== Segment start ==

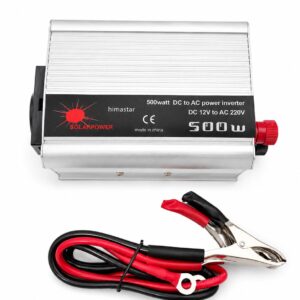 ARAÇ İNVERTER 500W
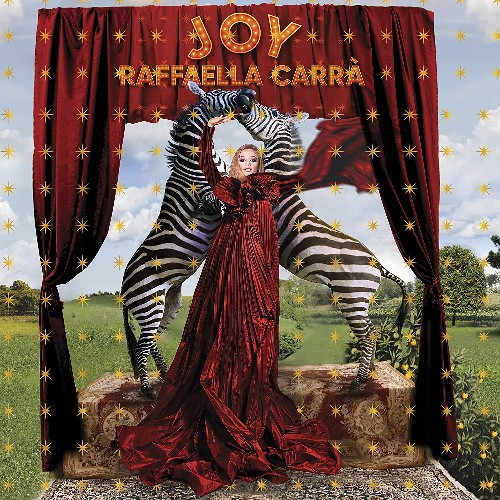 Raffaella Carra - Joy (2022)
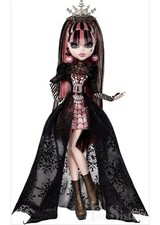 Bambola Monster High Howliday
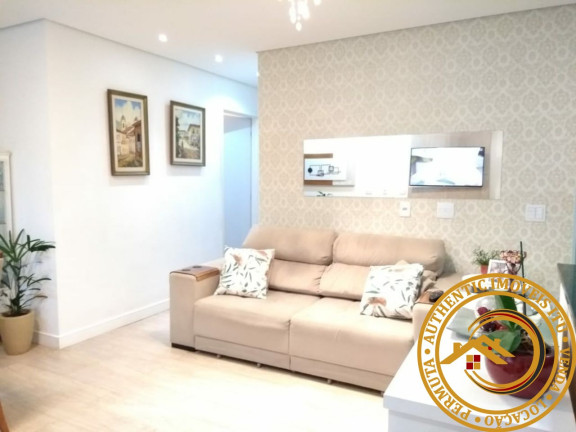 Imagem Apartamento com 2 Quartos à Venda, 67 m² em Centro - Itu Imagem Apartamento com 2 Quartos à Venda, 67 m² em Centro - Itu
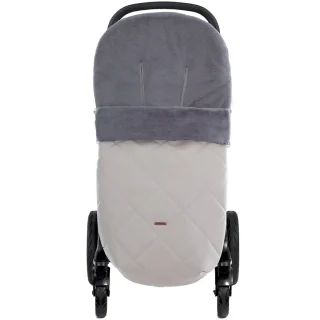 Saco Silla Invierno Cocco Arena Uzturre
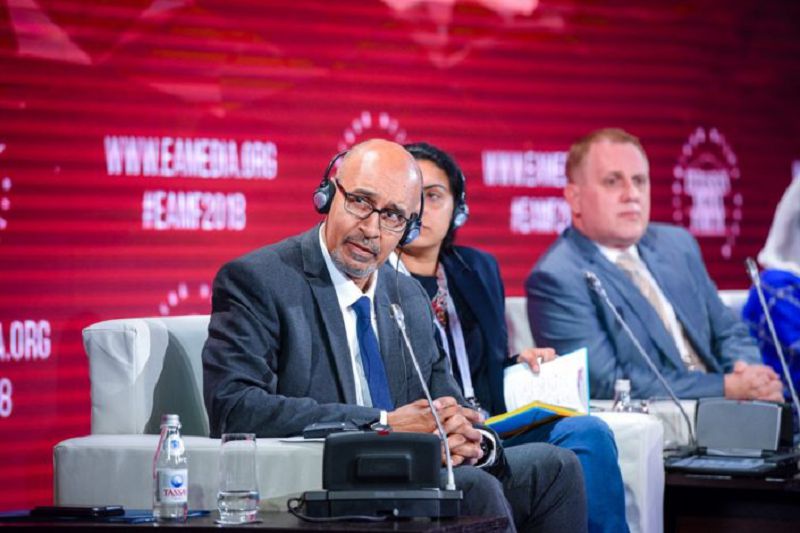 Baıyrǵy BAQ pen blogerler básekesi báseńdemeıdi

== Segment end ==
== Segment start ==

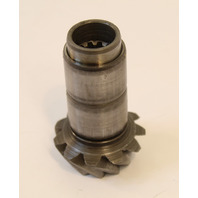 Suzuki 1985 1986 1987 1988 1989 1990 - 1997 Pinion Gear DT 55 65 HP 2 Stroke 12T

== Segment end ==

• Required work: Exactly the lines above from the one that contains "ARAÇ İNVERTER 500W" down to the one that contains "Baıyrǵy BAQ pen" are to be output, both ends kept and pictures omitted.

• Written solution:
 ARAÇ İNVERTER 500W
 Raffaella Carra - Joy (2022)
 Bambola Monster High Howliday
 Imagem Apartamento com 2 Quartos à Venda, 67 m² em Centro - Itu Imagem Apartamento com 2 Quartos à Venda, 67 m² em Centro - Itu
 Saco Silla Invierno Cocco Arena Uzturre
 Baıyrǵy BAQ pen blogerler básekesi báseńdemeıdi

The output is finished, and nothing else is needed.